Bush defends Iraq war effort
RENO – Two weeks before receiving a major assessment of the war in Iraq, President Bush gave a ringing defense of the war effort Tuesday in a speech that sounded like he’d already made up his mind to stay and fight.
Bush hailed security gains, defended middling progress by Iraqi leaders and argued that the future of the entire Middle East would rise or fall on the outcome.
“It’s going to take time for the recent progress we have seen in security to translate into political progress,” Bush told a friendly audience at the American Legion’s national convention. “Leaders in Washington need to look for ways to help our Iraqi allies succeed, not excuses for abandoning them.”
Bush argued that withdrawing American forces would allow the Middle East to be taken over by extremists and put the security of the United States in jeopardy. By contrast, he said, continuing to fight is “the most important and immediate way” to put the strategic, struggling region on a path to democracy, economic expansion and stability that is inhospitable to terrorists.
Democrats criticized Bush’s approach.
Senate Majority Leader Harry Reid, D-Nev., said Bush “continues to stubbornly pursue a flawed strategy” that has failed to deliver in Iraq, diverted attention from battling al-Qaida, and depleted the military’s ability to respond to other crises. “A change of course in Iraq is long overdue” and will be pressed by the Democrats who control Congress, Reid said.
Bush’s speech before thousands at the American Legion convention was his second in a week devoted to trying to build support for the unpopular war, now in its fifth year. Last week before the Veterans of Foreign Wars convention, he likened the importance of today’s fight against extremism in Iraq to pivotal past U.S. conflicts in Vietnam, Korea and Japan.
The Iraq report due to Congress by Sept. 15 requires Ryan Crocker, Bush’s envoy in Baghdad, and the top U.S. general in Iraq, Gen. David Petraeus, to measure whether the 30,000 additional U.S. forces Bush ordered in January are improving security enough to create an environment for lasting political progress. The pair also is to say whether Iraqis are performing well on mutually agreed benchmarks.

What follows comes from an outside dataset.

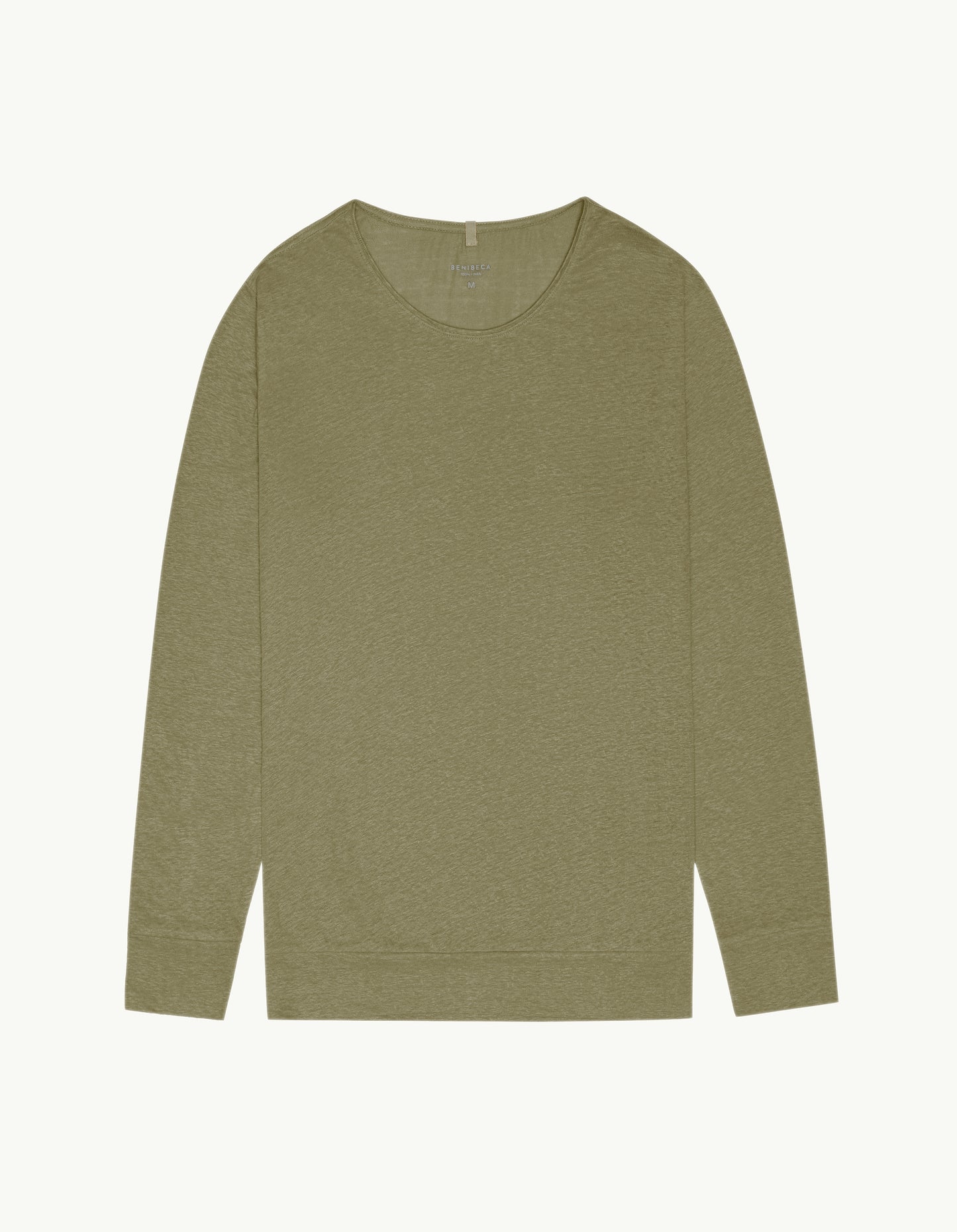 SWEATSHIRT LINEN ENEBRO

Bush argued forcefully that the answer to both is “yes.”
The president said there is reason to be hopeful about Iraqi leaders’ efforts, particularly at the local and regional levels. Many benchmarks also are being met in effect without legislation, he said, noting that oil revenues are being shared among provinces without the passage of a law to require it.
He praised a weekend pact among leading Iraqi politicians on some other issues that have blocked national reconciliation. However, the Iraqi parliament still must codify the agreements – something that has repeatedly fallen apart in the past. The deal was not enough to bring the main Sunni Arab political bloc back into the Shiite-led government of Prime Minister Nouri al-Maliki.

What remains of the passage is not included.